Megathymus yuccae martini

Martin's Yucca Giant Skipper

A March-April giant skipper that feeds on Yucca species brevifolia and schidigera, subspecies martini haunts the deserts north of the San Gabriels east to Joshua Tree National Park, and up into the Kern County desert and east to the Mojave Preserve. The type locality is Little Rock, north of the San Gabriels in Los Angeles County, where Lloyd Martin collected the holotype in 1945 and the allotype in 1939. Males patrol the washes, waiting for passing females.

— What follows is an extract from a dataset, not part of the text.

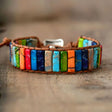 Colorful beaded bracelet on a wooden surface with a blurred background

Females oviposit on tender shoots, and the caterpillar burrows into the plant. It forms a silk projection with frass on the exterior, and this little brown tower is what a caterpillar hunter should look for. As Gordon Pratt says in the Joshua Tree book, fresh frass outside the tower indicates there is probably a larva inside (they expel excrement outside, not inside, the burrow). The caterpillar overwinters in their protective burrow, pupating before flights begin in March and April.

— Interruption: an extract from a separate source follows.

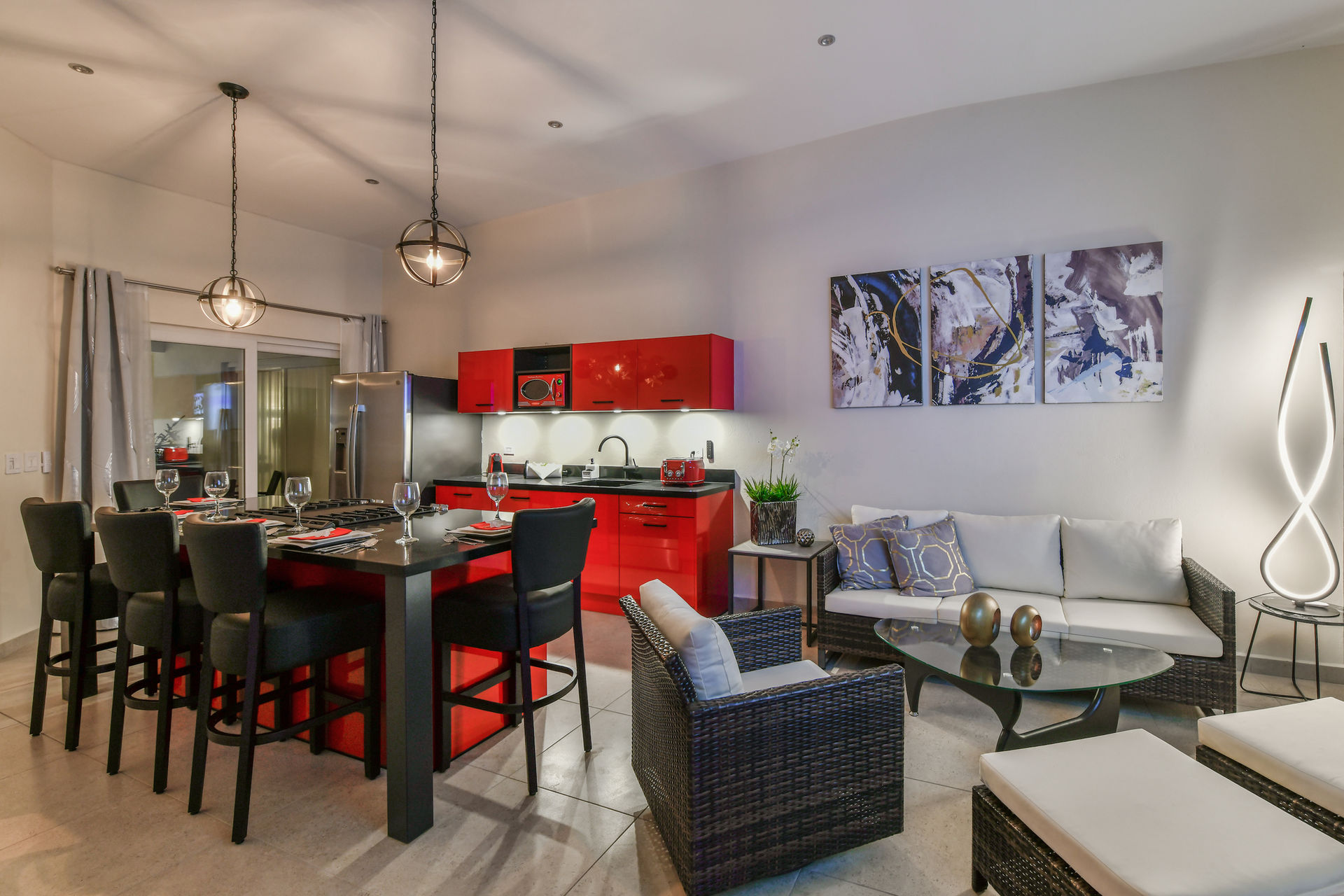 Big and open living room area with plenty space. TV, sound system, lightening setting and swimming pool view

Megathymus yuccae martini or maudae - Martin's Yucca Giant Skipper
This is the spring-flying Martin's yucca giant skipper, Megathymus yuccae martini. Or, it is the spring-flying Maude's yucca giant skipper, Megathymus yuccae maudae, depending on whether you accept that there is an appreciable difference. Many don't. This was in a wash north of Mid Hills, Mojave National Preserve, March 23, 2022.

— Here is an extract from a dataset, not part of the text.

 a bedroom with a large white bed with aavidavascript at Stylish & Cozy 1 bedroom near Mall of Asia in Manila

Megathymus yuccae martini - Martin's Yucca Giant Skipper
This is the spring-flying Martin's yucca giant skipper, Megathymus yuccae martini. Cottonwood Spring, Joshua Tree National Park, March 28, 2010.
Megathymus yuccae martini - Martin's Yucca Giant Skipper
Ventral of a different Megathymus yuccae martini, same day as above.
Original description of Megathymus yuccae martini - Martin's Yucca Giant Skipper
Stallings and Turner named this subspecies after southern California lepidopterist Lloyd Martin in 1956. It was published in the Bulletin of the Southern California Academy of Sciences.